Skip the pictures. Transcribe the rest of the data below without changing a word.

■ Exercise data ■

------------

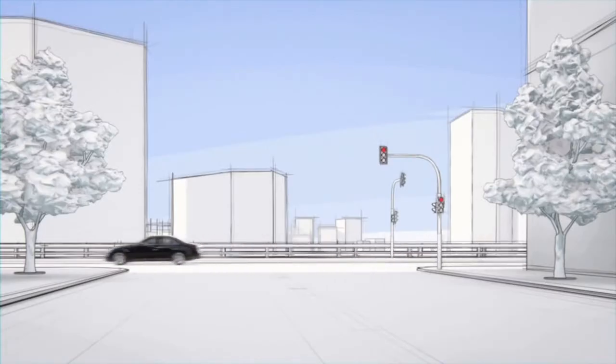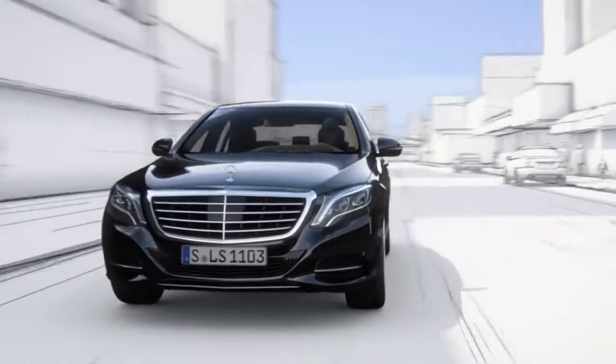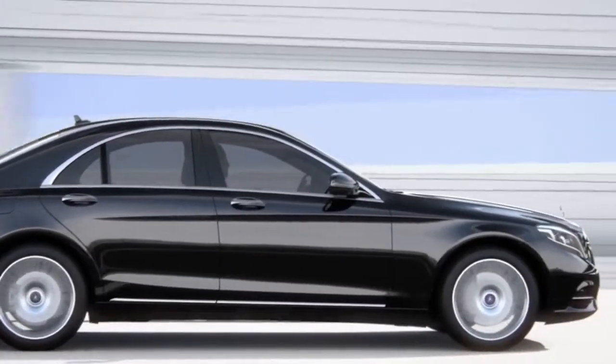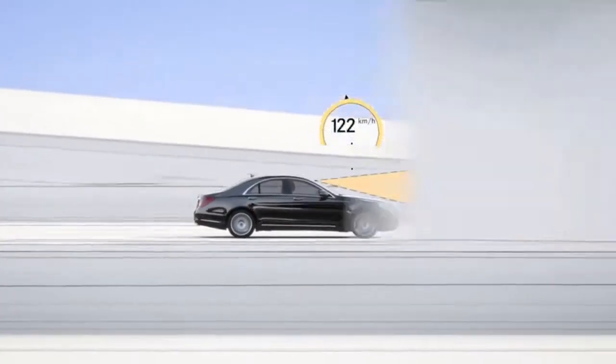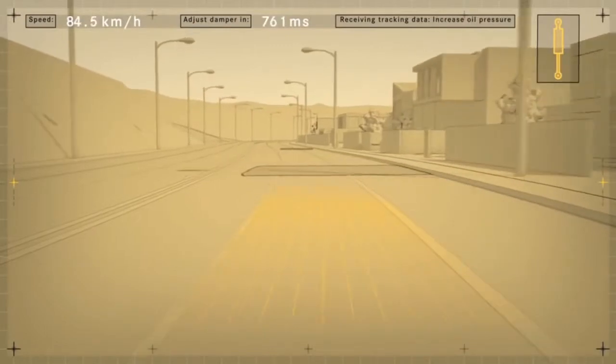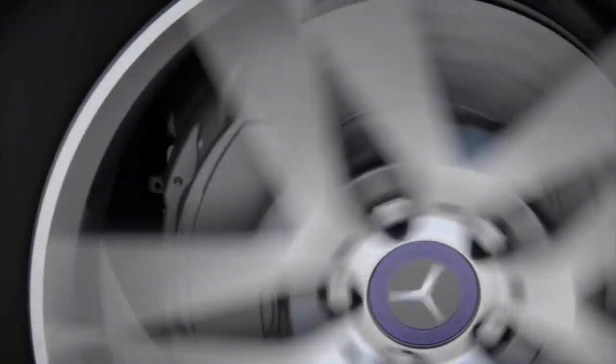The new S-Class features Road Surface Scan, a world-first, which effectively turns ABC suspension into magic body control. At speeds of up to 130 kmph, Road Surface Scan uses a stereo camera to monitor and analyze the road ahead. The exact surface contour is then passed on to active body control.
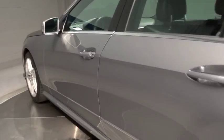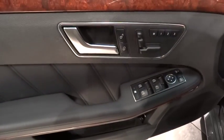Power door locks, panic alarm, leather seats, night security illumination, side curtain airbag, tire pressure monitoring system, paddle shifters, ambient lighting.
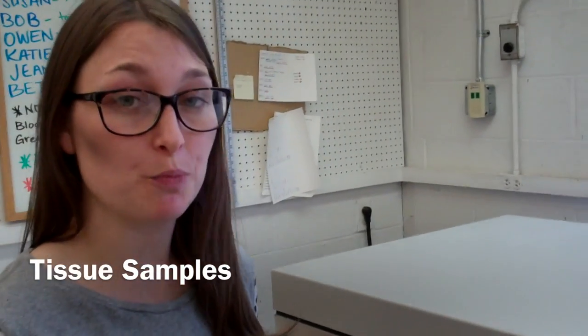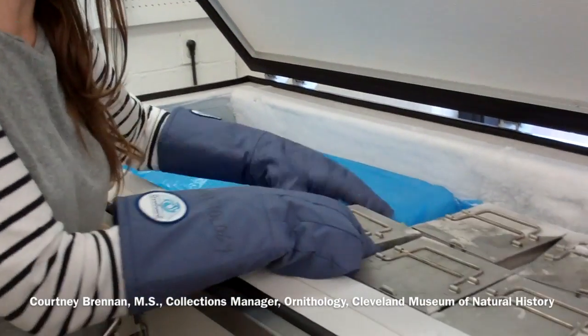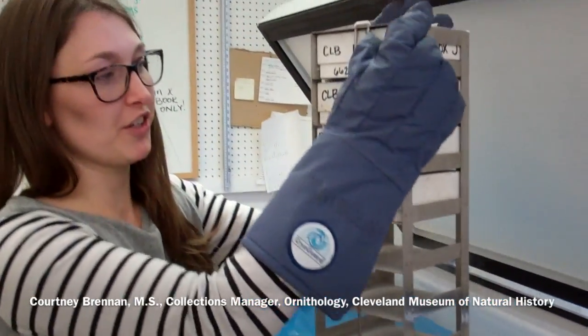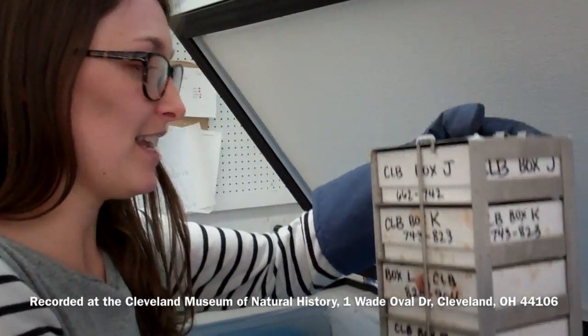One of the most important things that we take from each bird that we prepare is a tissue sample. Our tissue samples are permanently housed here in our negative 60 freezer, where they stay until a researcher contacts me requesting tissue or bones.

------------

■ Result of this task ■
The new S-Class features Road Surface Scan, a world-first, which effectively turns ABC suspension into magic body control. At speeds of up to 130 kmph, Road Surface Scan uses a stereo camera to monitor and analyze the road ahead. The exact surface contour is then passed on to active body control.
Power door locks, panic alarm, leather seats, night security illumination, side curtain airbag, tire pressure monitoring system, paddle shifters, ambient lighting.
One of the most important things that we take from each bird that we prepare is a tissue sample. Our tissue samples are permanently housed here in our negative 60 freezer, where they stay until a researcher contacts me requesting tissue or bones.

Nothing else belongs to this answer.